Logan was charged in two separate incidents in 2016 and 2018, according to Wednesday’s news release.
The first occurred on Jan. 2, 2016, when Logan was working security detail at the University of Tennessee at Chattanooga. Prosecutors said he asked a woman for a ride to his car, then directed her instead to an empty parking lot where he reportedly pressed his Taser against her leg.
Logan prevented her from getting out of the car, “making (the victim) believe that he was going to rape and possibly kill her,” according to court filings. Prosecutors said he eventually let her go.
“He didn’t rape me but he teased and terrified me and I know I am deeply affected by this,” the woman said later in a letter to the court.
The second crime occurred more than two years later on June 12, 2018, when Logan reportedly arrested a woman, then drove her in his squad car to “an empty and isolated parking lot” where he sexually assaulted her, according to Wednesday’s news release.
Logan pleaded guilty two counts of depriving civil rights in September 2019.
As part of his plea deal, prosecutors said Logan also admitted to sexual assaulting two other women he arrested in 2015 and 2016. One of their rape kits went untested until the 2018 incident was reported to law enforcement, according to court filings.
Prosecutors called it “a pattern of predatory behavior” in a sentencing request filed earlier this month.
“He drove to secluded locations to avoid detection, and he chose victims whom he thought no one would believe, essentially creating situations where it would be his victim’s word against his, should any victim prove brave enough to report his criminal conduct,” court filings state. “It is for these very reasons that the defendant escaped accountability for so long.”
Prosecutors had pushed for a minimum of 17 years in prison for Logan, citing a fifth victim whose allegations came to light after he pleaded guilty.
The woman told law enforcement she had stayed the night on Logan’s couch with her then-boyfriend after a night out in 2015, according to court filings. Her boyfriend left early for work, and prosecutors said she awoke to Logan raping her.
She didn’t report it.
“I worried that no one would believe me, or people would think I was somehow to blame and that I was screwing up a good man’s life,” she wrote in a victim impact statement submitted to the court. “He was engaged at the time, and I honestly worried that I would be perceived as the cause of this.”

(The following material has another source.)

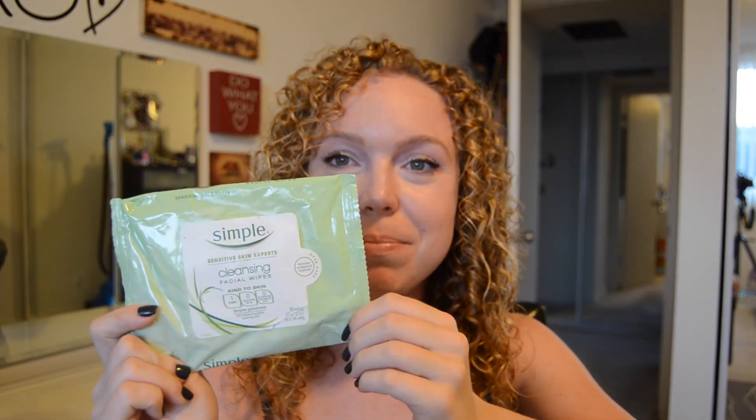Next I have some Simple Wipes. I like these — they're simple and they don't irritate my face. They're good for sensitive skin to take makeup off. I've definitely repurchased those several times.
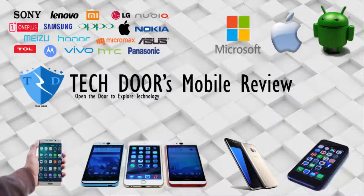Hey there. Welcome to TechDoor's mobile review. We know there is always some mysterious great unboxing in the mobile world every day. To reveal these mysteries, get in touch with our channel. So guys, let's move to today's video.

The woman has since become a police officer herself and said she lives with “a deep sense of guilt.”
“I am always stuck wondering if I had (reported him), would he have stopped, and could I have prevented others from being assaulted,” she wrote.
Logan’s defense attorneys requested he be sentenced to 13 and a half years in prison, citing his willingness to accept “responsibility for his actions.”
“He has lost his job and the ability to work in law enforcement,” they said in court filings. “He will be a convicted felon, not allowed to possess a firearm or ammunition, not allowed to vote and all the other loss of rights that attended that classification. He will also be on the sex offender registry for life. His young children (daughter age 9 and stepson age 9) will have become emancipated adults by the time he is released.”
A judge disagreed with both assessments, sentencing Logan instead at the top end of sentencing guidelines — 10 years for each count — in addition to three years of supervised release, according to court filings.
But it won’t be enough for one of his victims.
“I can’t imagine what kind of sentence or punishment could ever fix what is wrong with him,” she wrote in her impact statement. “I’d love to believe that he could be rehabilitated with counseling, but I don’t see that as the fix for him. He is a predator in a uniform, and I don’t know how he can even sleep at night.”